A Case of Identity

三つの教会と三人のプリミティフ派画家

三つの教会と三人のプリミティフ派画家


ユイスマンスの美術論が出た! ハネカー『エゴイストたち』で絶賛されているのを読んで以来、気になっていた本である。もう何年前になるのか、渋谷正進堂閉店セールのときに原書は入手していたものの、やはりフランス語で読むのというのは気が重く、ずっと積読になっていただけに、こうして翻訳が出てくれるのは非常にありがたい。
というわけで出てくれたのはありがたいのだが、この訳文はどんなものだろうか。ユイスマンスという人は基本的にはロジックの人であると思う。つまり時として晦渋にはなるものの詩人的な論理の飛躍とは無縁の人という印象を持っていた。しかしこの翻訳は必ずしもそうでないような気がする。
例えば本書中の一篇「コルマールの美術館におけるグリューネヴァルト」のなかで、ユイスマンスは、十七世紀の文献に記されたイーゼンハイム修道院の絵が、現在コルマールにある祭壇画の一枚と同一のものかどうかという問題について、こうコメントしている。

 あと、反論の余地を与えず証明すべきことがあるとすれば、コルマールの問題の一枚がまさしくイーゼルハイムのものと同じだという点である――なぜなら、もしそうでないとすれば、すべてがもう一度疑問視されねばならぬこととなるから、――。しかし、絶対的な確かさ、保証の必要のない確かさは欠けているのだから、これら二つの作品が同一のものであると言い切ってしまうには、実際、推測の部分がかなり大きいのがわかってもらえよう。(本書p.120)

この日本語訳だけ――ユイスマンスがこんな論理の筋が通ってない、よれよれの文章書くわけねーじゃんと思いつつ――読むと、あたかもユイスマンスが二つの絵の同一性について懐疑的であるような印象を受ける。だが本当にそうだろうか? 原文はこうなっている:

Ce qui resterait à démontrer, d'une façon péremptoire, c'est que le volet de Colmar est bien le même que celui d'Issenfeim -- car s'il n'en était pas ainsi, tout serait remis en question -- mais l'on peut attester qu'à défaut d'une certitude absolute, impossible à garantir, les présomptions sont vraiment assez fortes pour assurer qu'il y a identité entre les deux oeuvres. (J.-K.Huysmans, Trois Primitifs, 1905, p.12)

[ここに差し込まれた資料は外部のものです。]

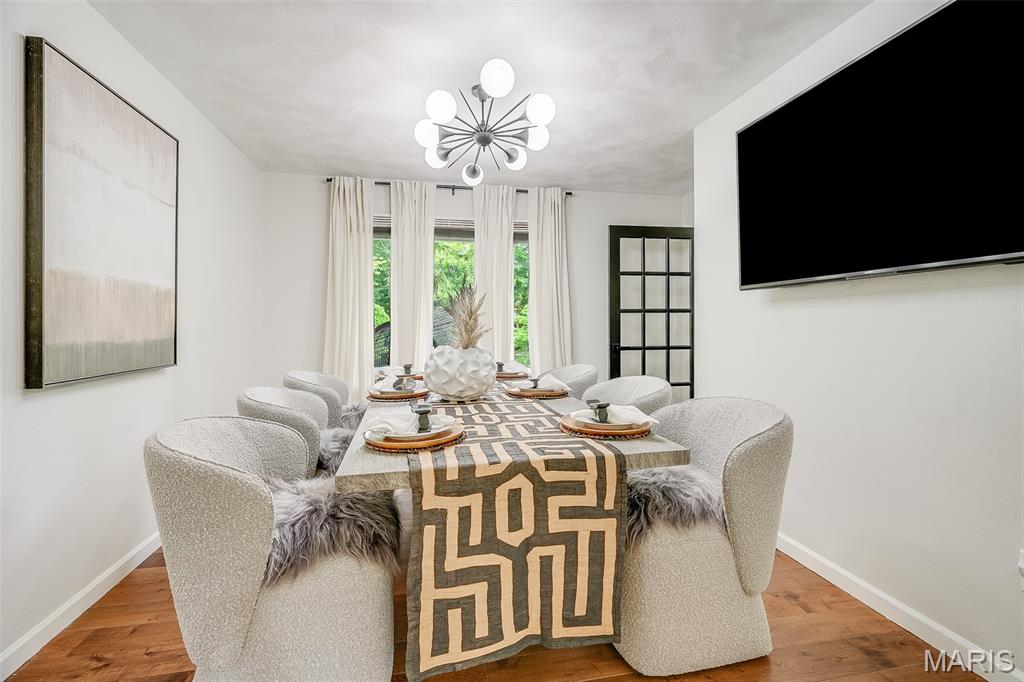 Place 14th Add - Residential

まずひっかかるのは、最後の方のles présomptions sont …… fortesを「推測の部分が大きい」と訳していることである。こう解釈できる余地ももしかしたら有り得るのかもしれないけれど、ごく普通に読み取れば、このfortは「説得力がある」(puissant, solide)という意味であろう。つまりこの最後の部分に懐疑的なニュアンスはなく、むしろ同一説を肯定してると思う。そしてたぶんこの部分の誤解に引き摺られて、このパラグラフ全体の論理のうねりを訳者は捉えそこなっているのではないか。だから原文にはない句点(ピリオド)をわざわざ付け加えて、一つの文章である原文を二文に分けざるを得なかったのだろう。
自己流に訳すとこんな感じになる。下手な文章だが少なくとも原作者が何を言わんとしているかはより明瞭になっていると思う。

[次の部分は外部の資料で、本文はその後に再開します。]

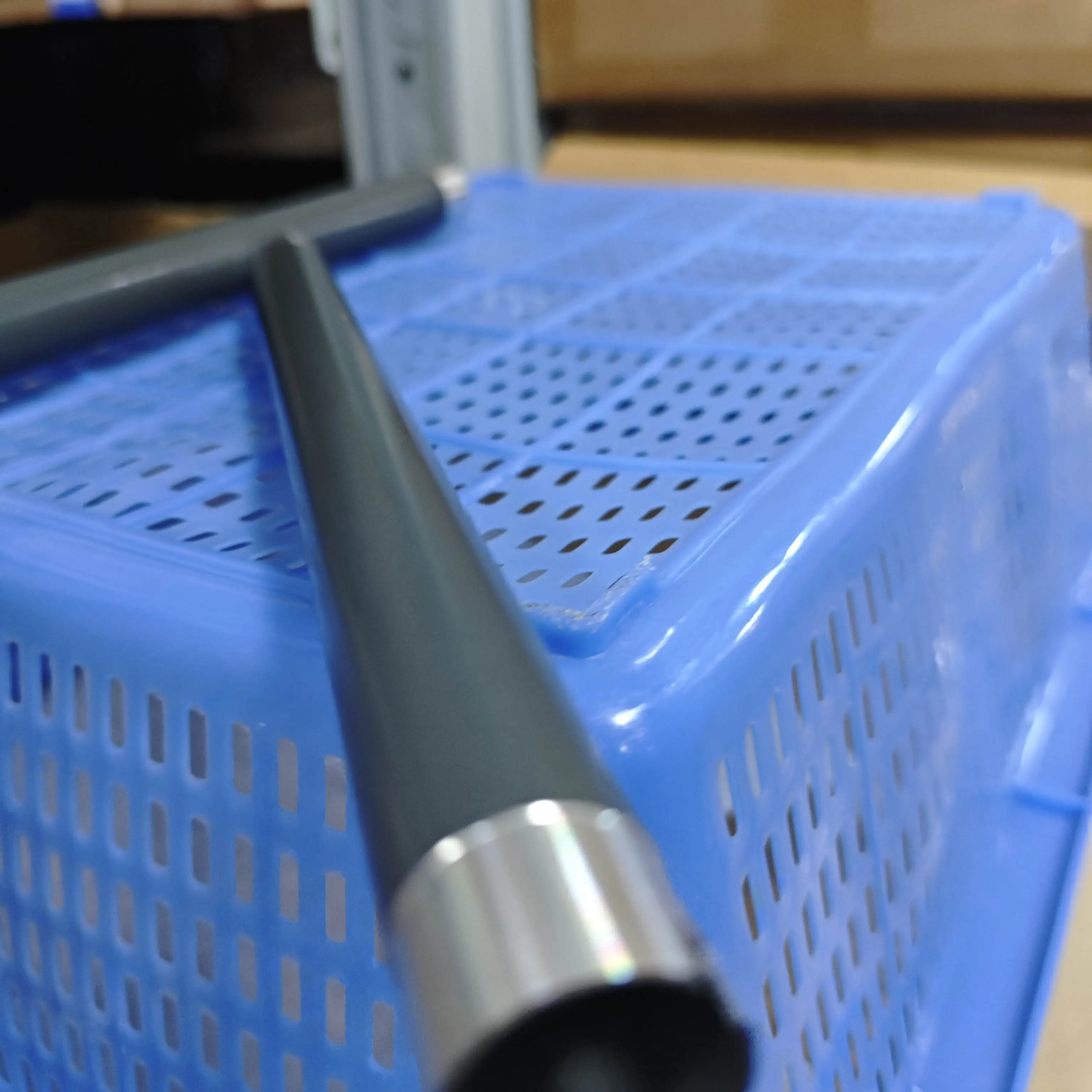 5PCS Printer Upper …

 あと足りない点があるとすれば、コルマールの翼パネルがイーゼンハイムのものと本当に同一であることを、反論の余地のない仕方で立証することであろう――というのは仮にそれが否定されたとすれば、すべては再び疑問視されてしまうだろうから――しかしながら、絶対的な確実性がない以上保証はできないにしても、この二つの作品は同一であると断言して構わないくらいの説得力が、これらの推定にあると明言することはできよう。